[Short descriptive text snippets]
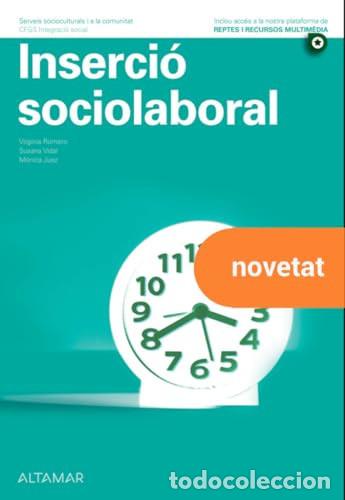 books: Inserci&oacute; sociolaboral, Serveis socioculturals i a la comunitat, CFGS Integraci&oacute; social - AA.VV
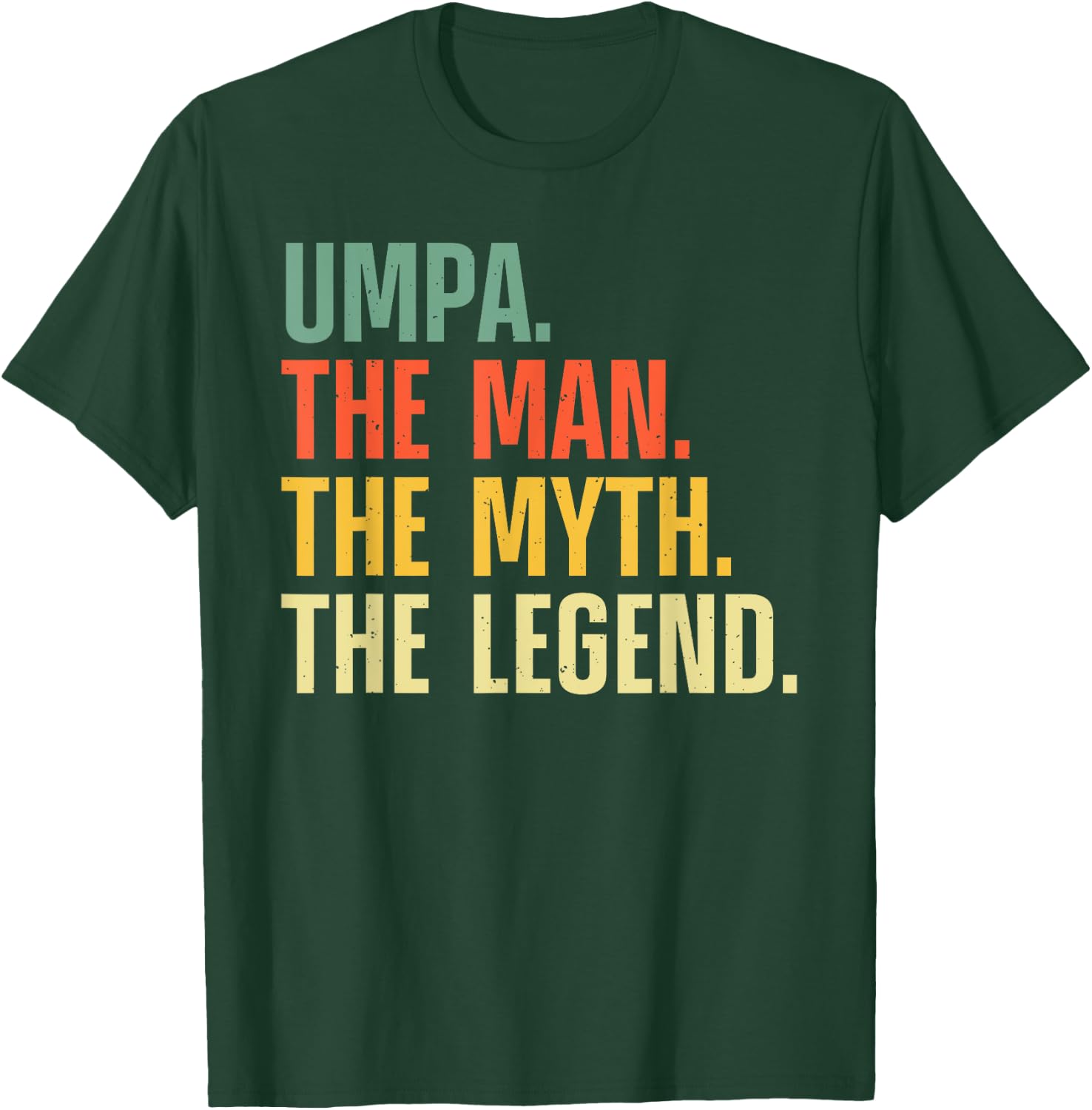 Best Umpa Design For Grandpa Grandfather From Grandkids Umpa T-Shirt - T-Shirt | Forest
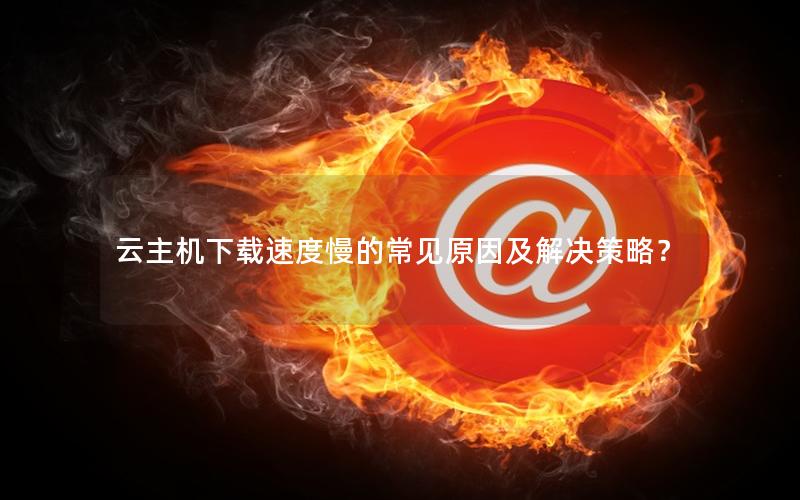 云主机下载速度慢的常见原因及解决策略？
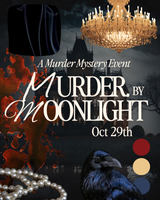 Murder by Moonlight: A Murder Mystery Event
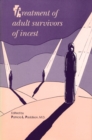 Treatment of Adult Survivors of Incest - Book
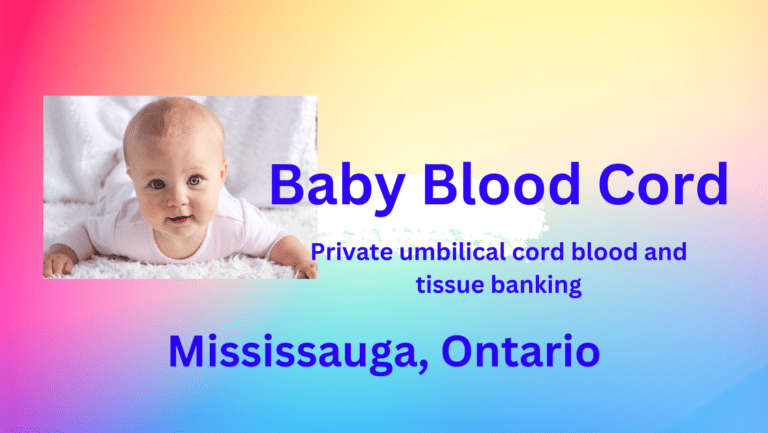 Cord blood banking Mississauga Ontario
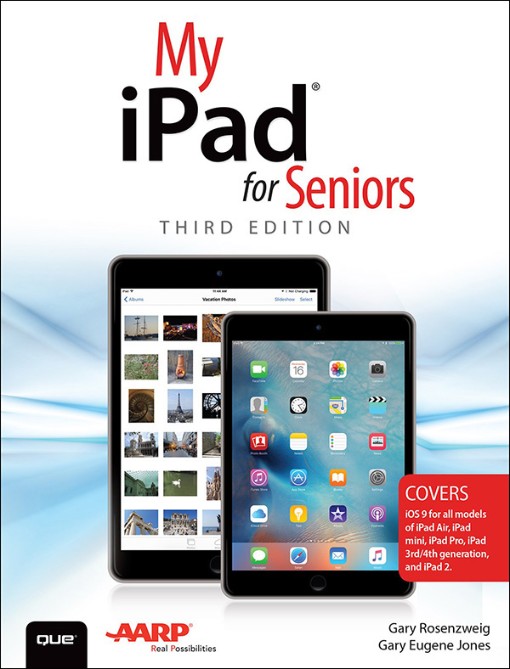 My iPad for Seniors (Covers iOS 9 for iPad Pro all models of iPad Air and iPad mini (9780134196244)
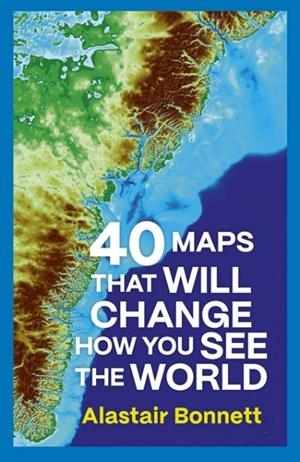 40 MAPS THAT WILL CHANGE HOW YOU SEE THE WORLD | 9780711293540 | ALASTAIR BONNETT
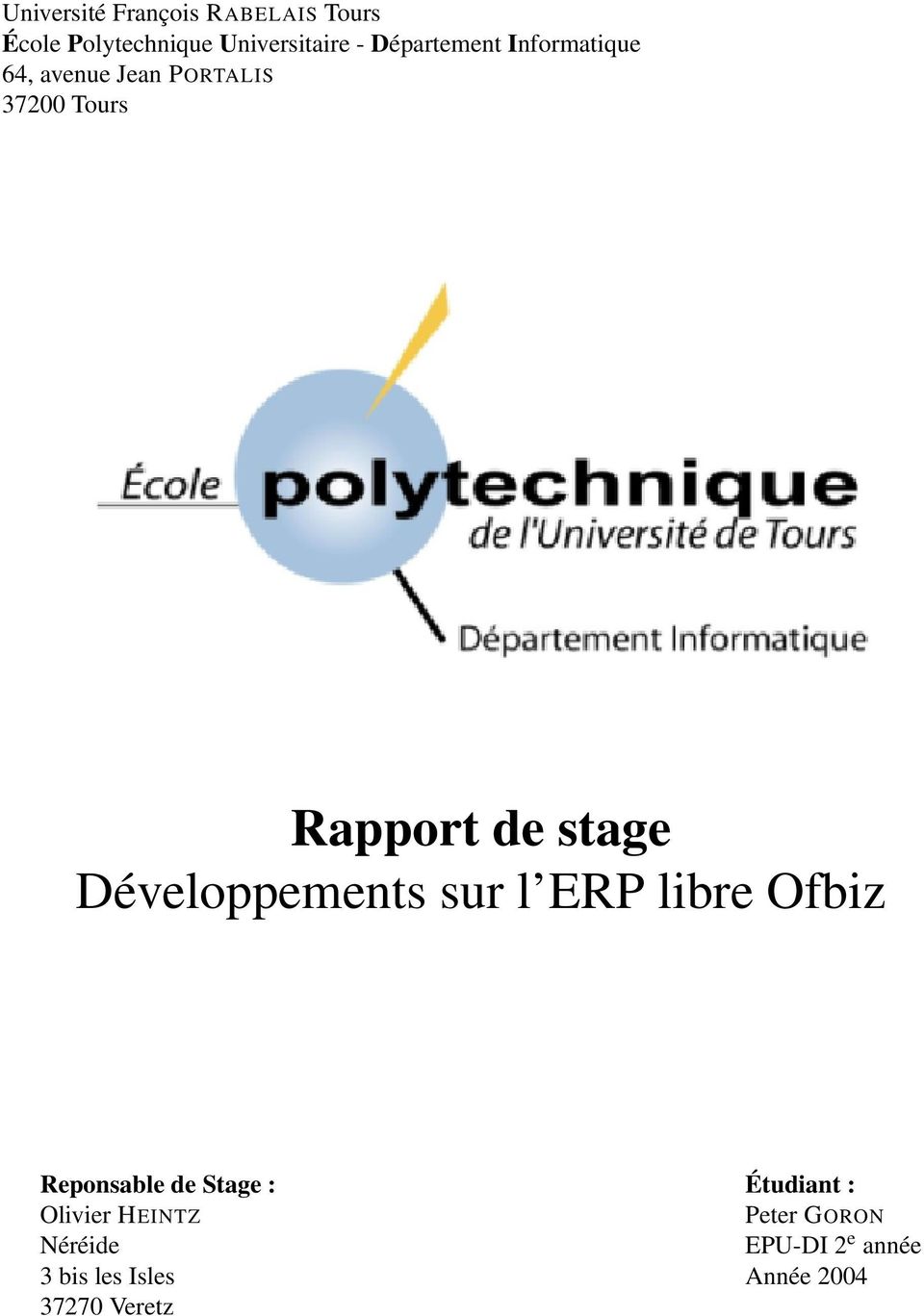 stage Développements sur l ERP libre Ofbiz Reponsable de Stage : Étudiant :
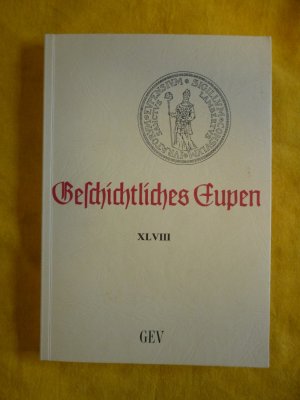Geschichtliches Eupen  XLVIII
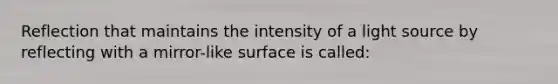 Reflection that maintains the intensity of a light source by reflecting with a mirror-like surface is called:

REQUIRED WORK:
I would like you to retype exactly the lines running from the one containing "Cord blood banking Mississauga Ontario" to the last line of the entries, both included, leaving all pictures out.

TASK RESULT:
 Cord blood banking Mississauga Ontario
 My iPad for Seniors (Covers iOS 9 for iPad Pro all models of iPad Air and iPad mini (9780134196244)
 40 MAPS THAT WILL CHANGE HOW YOU SEE THE WORLD | 9780711293540 | ALASTAIR BONNETT
 stage Développements sur l ERP libre Ofbiz Reponsable de Stage : Étudiant :
Geschichtliches Eupen  XLVIII
 Reflection that maintains the intensity of a light source by reflecting with a mirror-like surface is called:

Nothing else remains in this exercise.